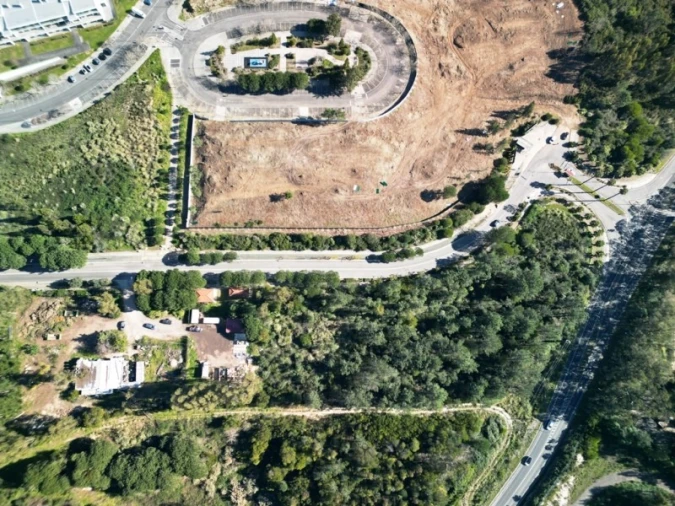 Terreno para Venda em Queluz e Belas Foto 24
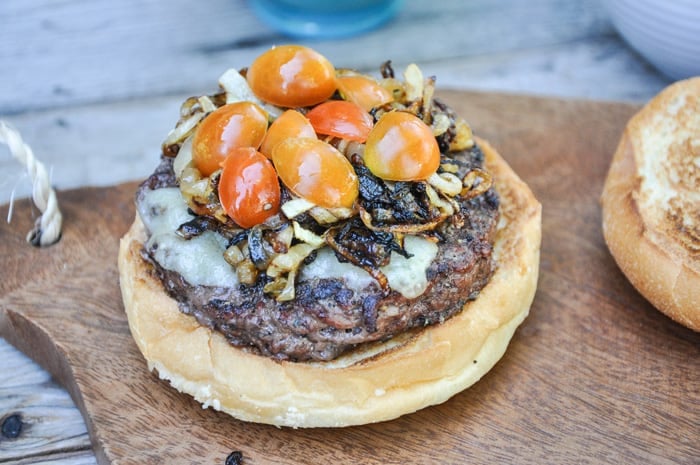 Califronia Classic Burger featuring Harris Ranch Beef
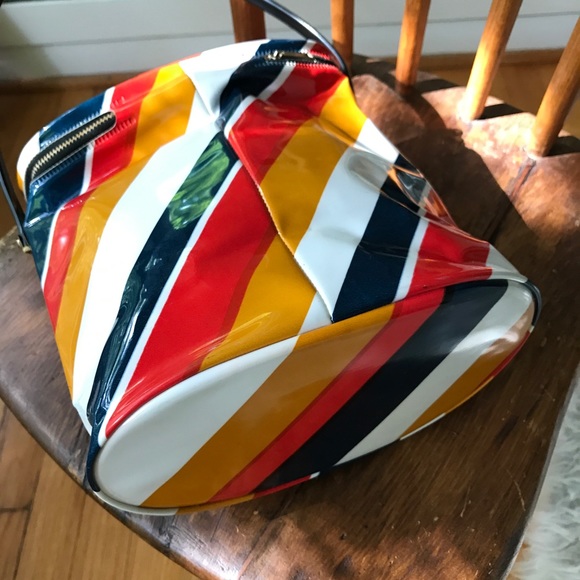 Colorful vintage vinyl zip bag w shoulder strap - Picture 3 of 13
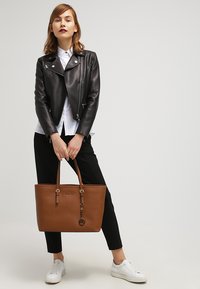 MICHAEL Michael Kors Handtas - brown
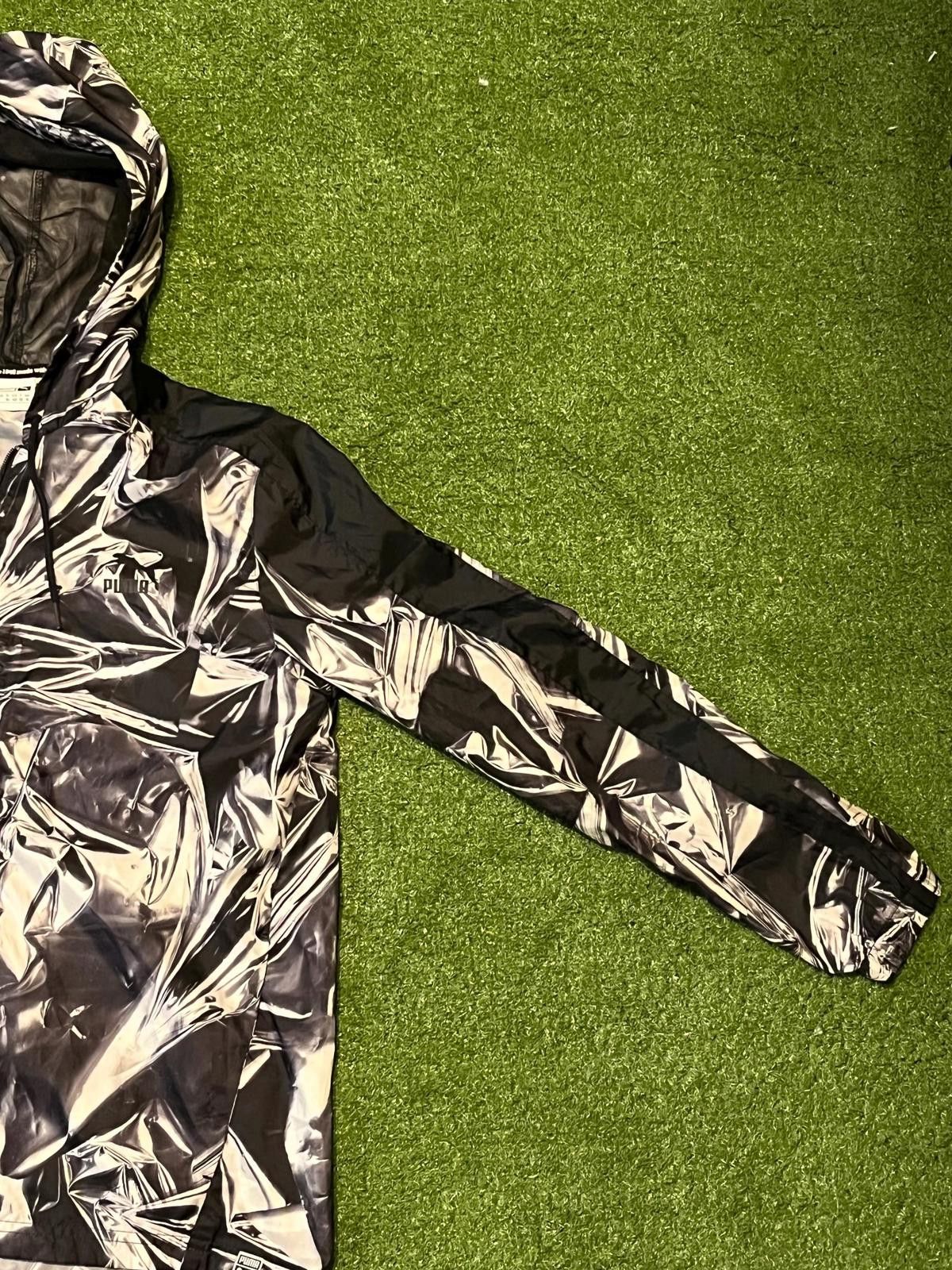 Puma Puma Womens Reflective Hooded Jacket Size US M / EU 48-50 / 2 - 3 Thumbnail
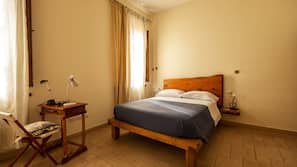 1 camera, biancheria da letto di alta qualità, una scrivania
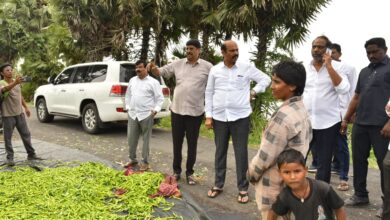 Montha thupaan మొంథా తుఫాన్ ప్రభావిత ప్రాతాలలో పర్యటిచినమంత్రి కొలుసు పార్థసారధి Montha thupaan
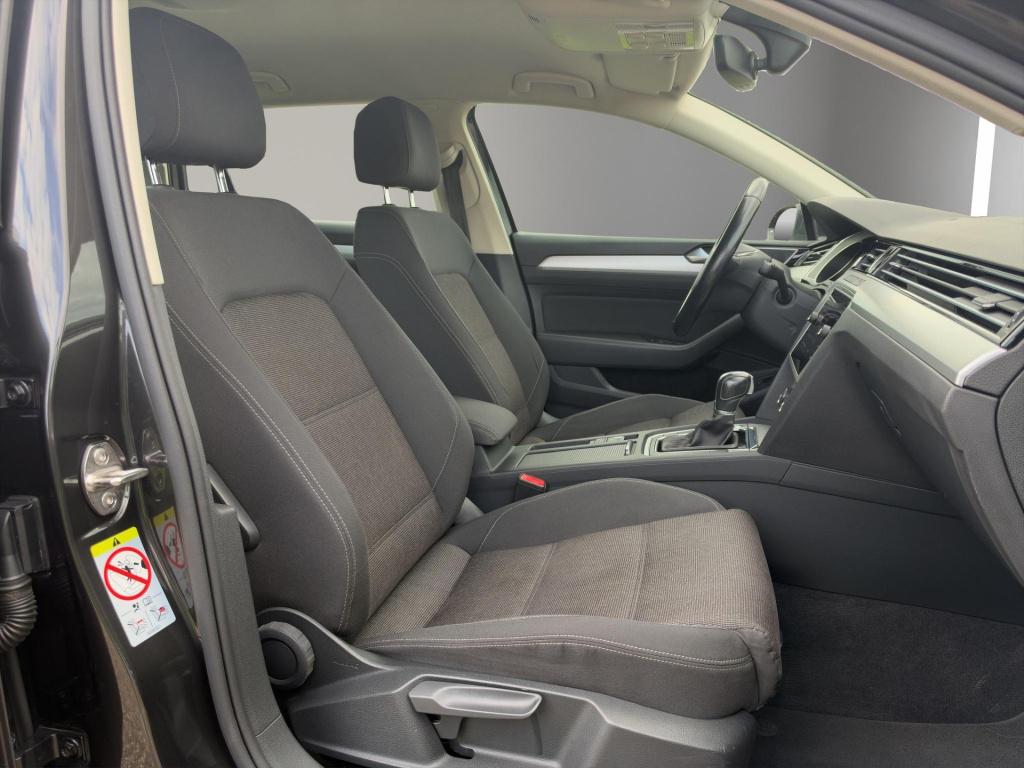 Volkswagen Passat variant 1.4 tsi act highline automaat camera led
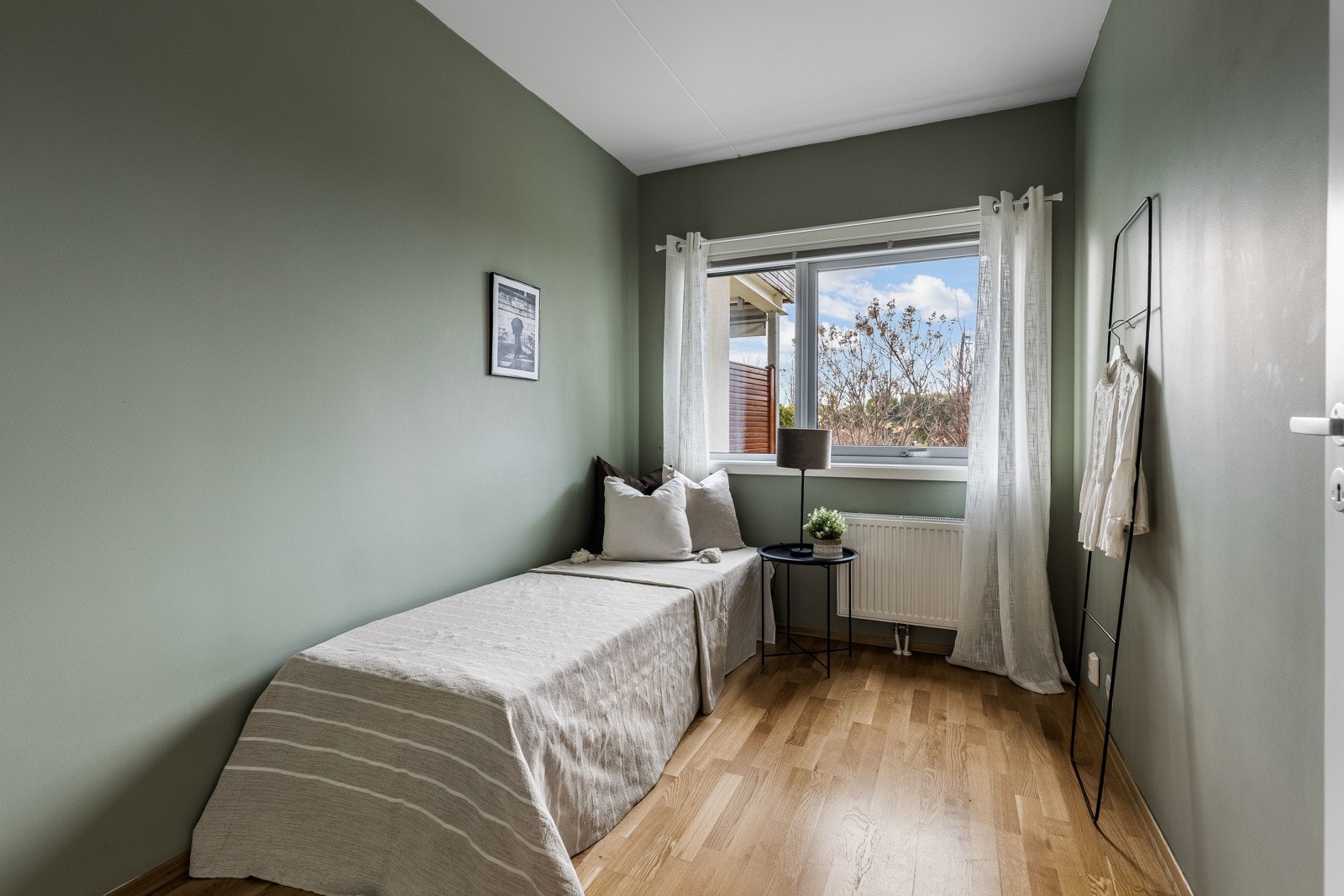 Soverommene er holdt i tidsmessige og behagelige farger, har parkett på gulv og gode vindusflater. Galleribilde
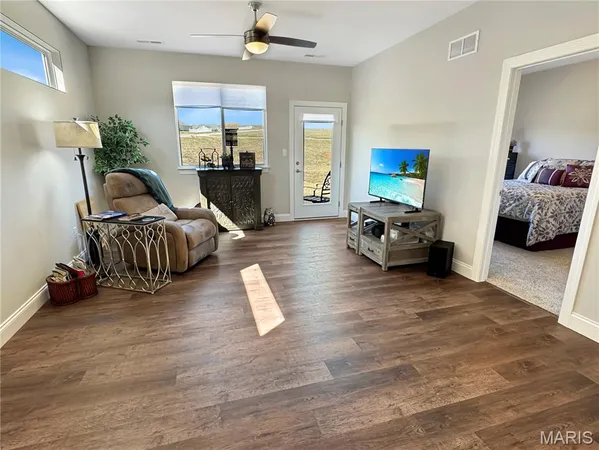 $259,900 | 891 Walter Way, Washington, MO 63090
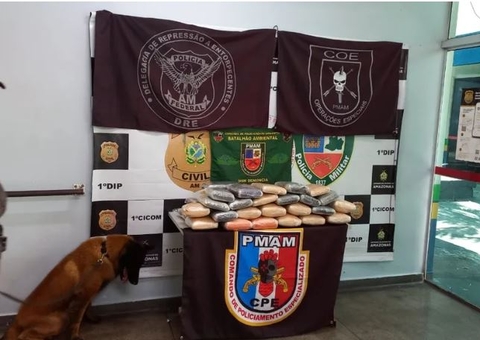 Mulheres são presas com 50 kg de drogas dentro de barco em Manaus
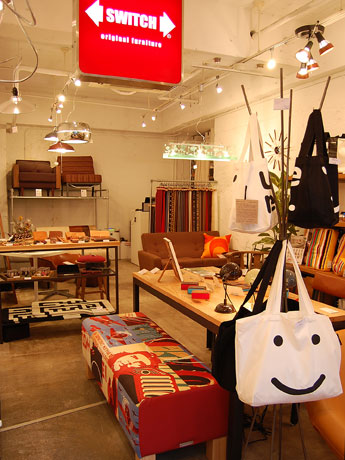 オリジナル家具や仕入雑貨などを陳列する「SWITCH JINNAN」の店内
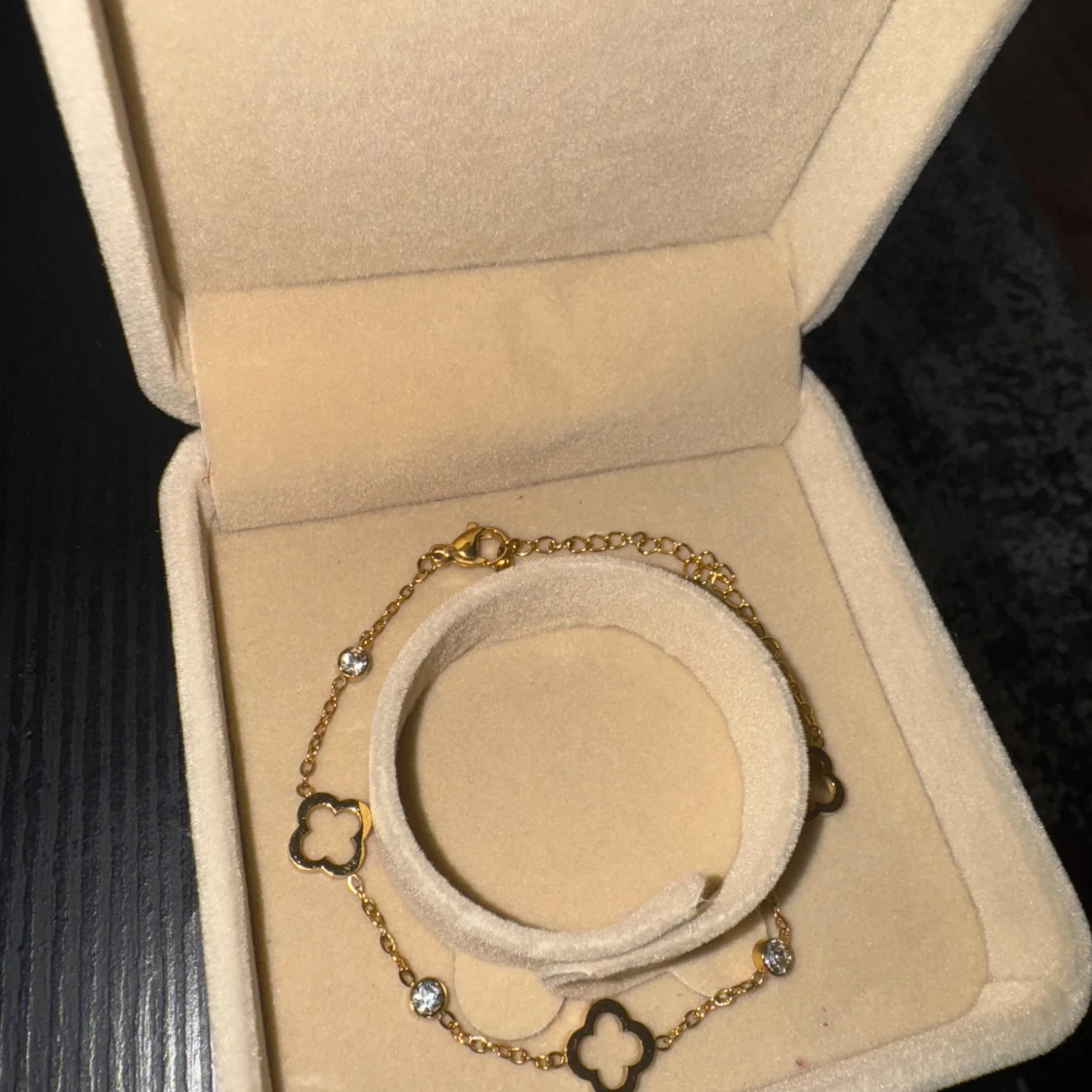 Guldfärgat armband med fyrklöver - 1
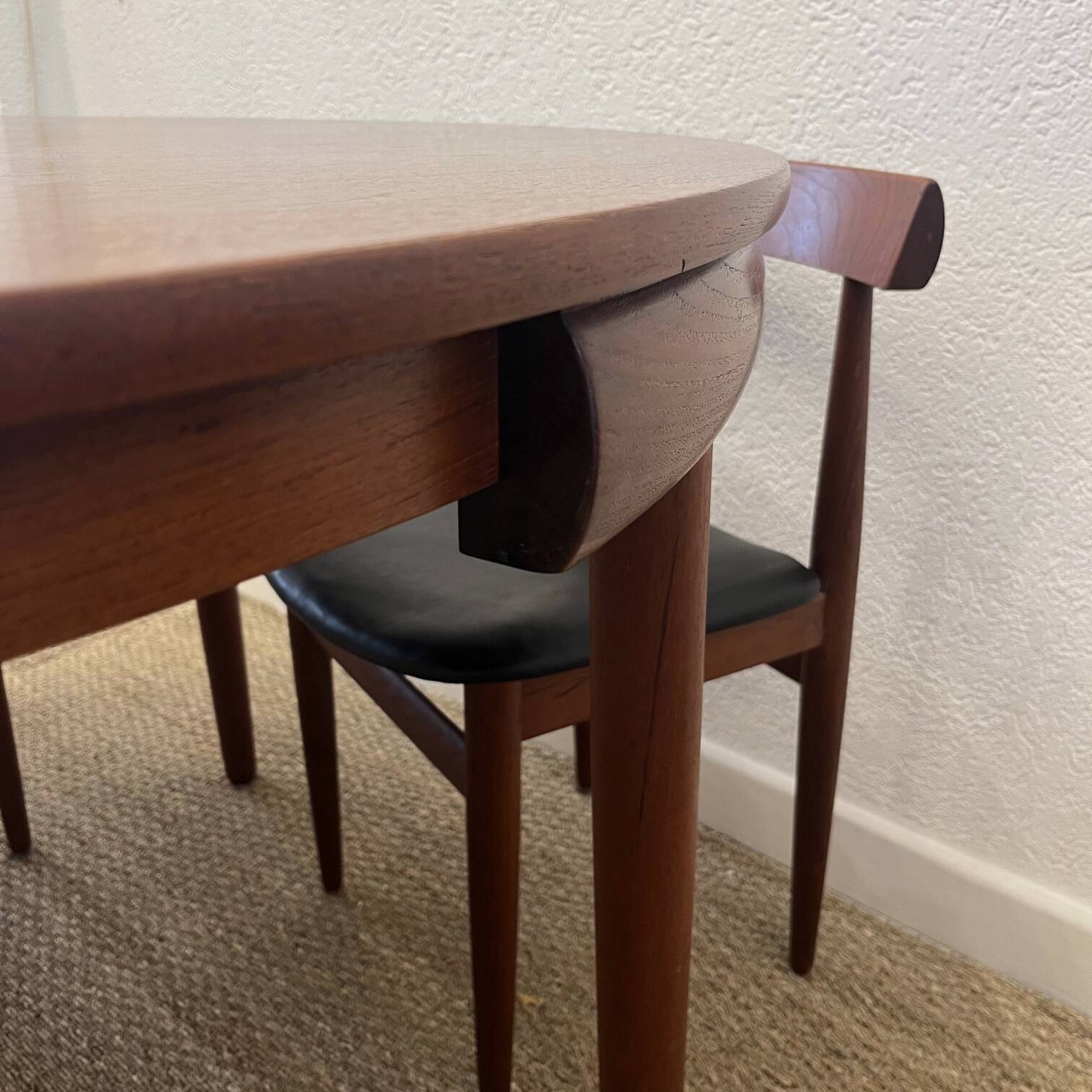 Hans Olsen "Roundette" dining set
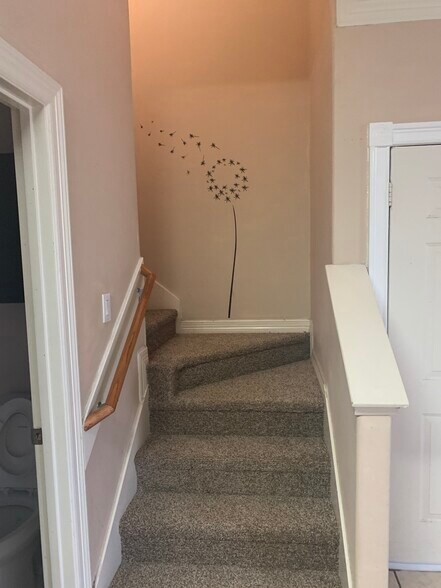 Building Photo - 10330 Panther Point Dr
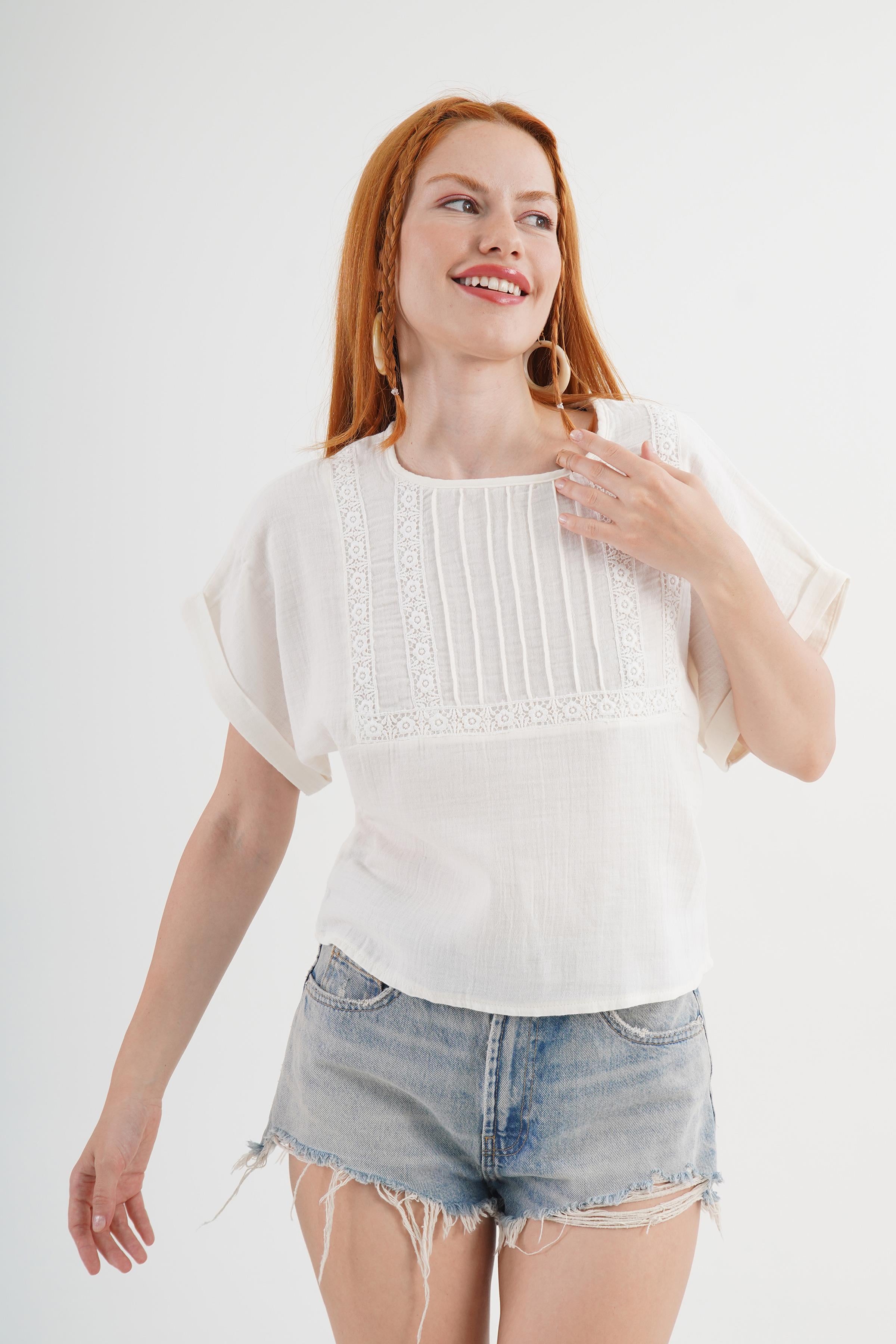 Ön Dantel Detaylı Toptan Ekru Bluz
────────
**Exercise description**
Your answer should consist solely of the lines from the one with "Puma Puma Womens" through the last line of the entries, restated word for word, with the pictures omitted.

**Answer section**
 Puma Puma Womens Reflective Hooded Jacket Size US M / EU 48-50 / 2 - 3 Thumbnail
 1 camera, biancheria da letto di alta qualità, una scrivania
 Montha thupaan మొంథా తుఫాన్ ప్రభావిత ప్రాతాలలో పర్యటిచినమంత్రి కొలుసు పార్థసారధి Montha thupaan
 Volkswagen Passat variant 1.4 tsi act highline automaat camera led
 Soverommene er holdt i tidsmessige og behagelige farger, har parkett på gulv og gode vindusflater. Galleribilde
 $259,900 | 891 Walter Way, Washington, MO 63090
 Mulheres são presas com 50 kg de drogas dentro de barco em Manaus
 オリジナル家具や仕入雑貨などを陳列する「SWITCH JINNAN」の店内
 Guldfärgat armband med fyrklöver - 1
 Hans Olsen "Roundette" dining set
 Building Photo - 10330 Panther Point Dr
 Ön Dantel Detaylı Toptan Ekru Bluz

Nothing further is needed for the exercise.